I have added a case where we move both pointers if the end value is the same.

def merge(intervals_a, intervals_b):
  result = []
  # This essentially just helps us to make the subsequent selection of intervals more semantic
  start, end = 0, 1
  i, j = 0, 0
  # Continue running the loop until both indices of each list are in range
  while i < len(intervals_a) and j < len(intervals_b):
    # Grab the smallest end of both intervals, this is just to aid readability further down 
    smallest_end = min(intervals_a[i][end], intervals_b[j][end])

    # Check if the interval from the first list overlaps the interval from the second list
    if intervals_a[i][start] >= intervals_b[j][start] and intervals_a[i][start] <= intervals_b[j][end]:
      result.append([intervals_a[i][start], smallest_end])
    # Check if the interval from the second list overlaps the interval from the first list
    elif intervals_b[j][start] >= intervals_a[i][start] and intervals_b[j][start] <= intervals_a[i][end]:
      result.append([intervals_b[j][start], smallest_end])

    # If the end of both intervals is equal to each other, since we know that intervals
    # in each list are disjoint this means both the start and end values from an interval
    # in each list are smallest than the next interval in the same list
    # using that information we can safely move both index pointers of each list up by 1
    if intervals_a[i][end] == intervals_b[j][end]:
      i += 1
      j += 1
    elif intervals_a[i][end] < intervals_b[j][end]:
      i += 1
      j += 1

  return result

Type your question above this line.


Hi @Demos

I think this case is already covered in the provided solution.

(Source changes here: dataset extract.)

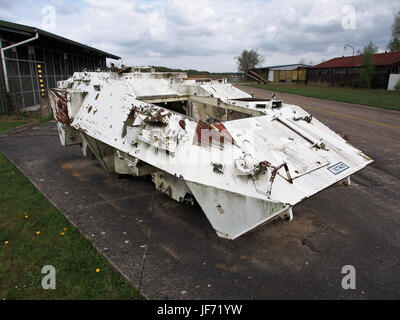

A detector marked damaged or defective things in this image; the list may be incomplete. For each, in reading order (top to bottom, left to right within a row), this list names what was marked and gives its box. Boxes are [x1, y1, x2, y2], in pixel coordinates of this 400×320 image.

damaged armored personnel carrier [49, 69, 372, 240]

I edited the input of the solution code by keeping the same end values and the output is covering this part also.
Please let me know if there is another case that is not covered in the solution.

Hi @Usman_Younas I am not saying that the provided solution does not work at a specific case, it does.

What I am saying is that at the case where both interval ends are equal to each other we can move both pointers at the same time slightly improving the efficiency of the algorithm.